Another extremely important factor is the growing significance of engagement with the Global South. Azerbaijan’s chairmanship of the Non-Aligned Movement in 2019–2024 and its narrative of strategic autonomy resonate with states in Africa, Asia, and Latin America that are seeking development models not tied to alignment with a single geopolitical bloc. Expanding diplomatic presence in these regions opens new markets, builds voting coalitions in international organizations, and strengthens Azerbaijan’s image as an independent and sovereign actor on the world stage.
— President Ilham Aliyev recently summed up the results of the foreign-policy strategy for 2025, noting significant achievements. Which factors, in your view, have particularly strengthened Azerbaijan’s international image?
- Several interrelated factors have strengthened Azerbaijan’s international image, but the most significant among them has been a fundamental shift in how the country is perceived globally.
What we have witnessed in recent years is a comprehensive process of “repositioning,” achieved not through PR campaigns but through demonstrated strategic competence.
Today, Azerbaijan is increasingly perceived as a dynamic regional power maintaining a complex network of diplomatic relations with all key global and regional actors. Baku preserves close alliances with Türkiye and Israel while maintaining working relations with Russia and managing delicate ties with Iran. It engages constructively with European institutions, welcomes American diplomatic initiatives, and expands its presence in the Global South. This is not the behavior of a peripheral oil state; it is the diplomacy of a confident “middle power” that knows how to leverage its geography and resources.
A defining feature of Azerbaijan’s approach is the fine calibration of this balancing act. Rather than becoming a client state of one power or a militarized “garrison state,” Baku has opted for economic development, connectivity, and investment in infrastructure. The emphasis on corridors, transit routes, and energy partnerships reflects a strategic choice — to create prosperity and interdependence rather than accumulate purely military capabilities.

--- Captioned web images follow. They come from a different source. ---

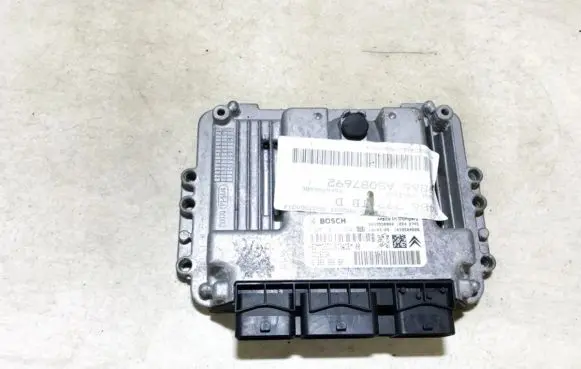 Peugeot 3008 I Engine control unit/module 0281013334 9653958980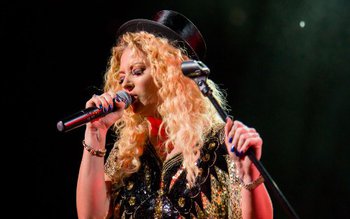 La ce s-a ajuns! Cum …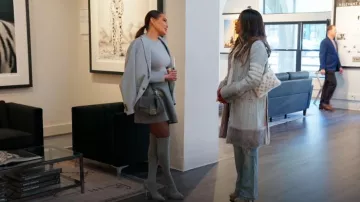 Vetements Tissu extensible gris réfléchissant Cuisses hautes Bottes portées par Meredith Marks comme on le voit dans Les vraies femmes au foyer de Salt Lake City (S05E11)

The liberation of Garabagh deserves particular attention in this context — not only as a national achievement, but also as an indicator of an emerging international order. We are entering an era in which classical realism is reasserting itself: states with legitimate claims and sufficient capabilities can act decisively when a window of opportunity opens. The Second Garabagh War demonstrated that medium-sized states, willing to invest in military modernization, build the right alliances, and wait for the appropriate geopolitical moment, are capable of achieving goals that seemed unattainable under the liberal post–Cold War order.
Azerbaijan correctly recognized this shift and acted accordingly. It did not wait for international institutions to deliver justice, but instead created the capacity to defend its own interests, while preserving enough diplomatic flexibility to peacefully consolidate the results afterward.

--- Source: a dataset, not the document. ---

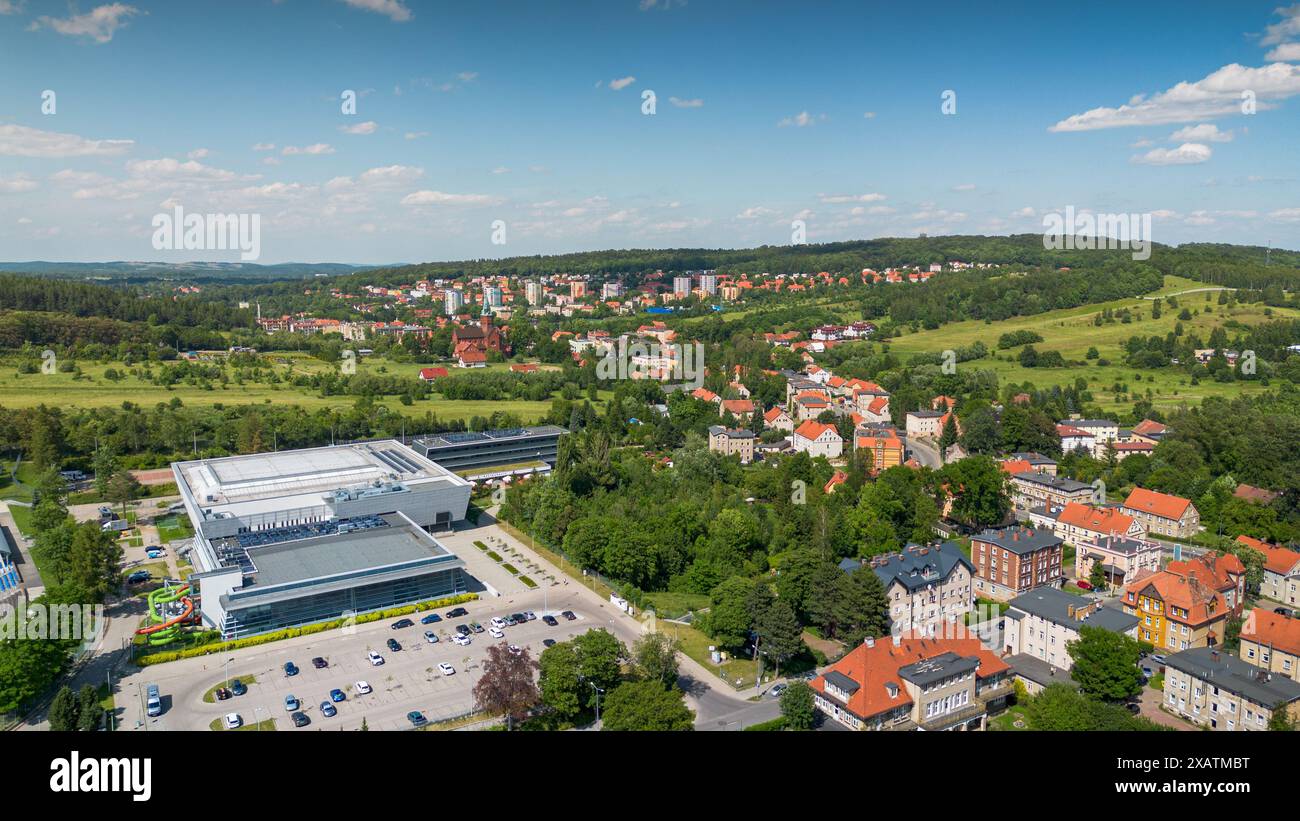 Walbrzych, Polen, - 8. Juni 2024: Sport- und Erholungszentrum „Aqua Zdrój“ mit der Stadt im Hintergrund Stockfoto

In other words, the strengthening of Azerbaijan’s international image is not the result of any single achievement, but of a consistent pattern of behavior demonstrating strategic maturity: the ability to understand when to fight and when to negotiate; the capacity to balance between competing centers of power without becoming dependent on any of them; and the ability to convert military success into long-term diplomatic and economic advantages.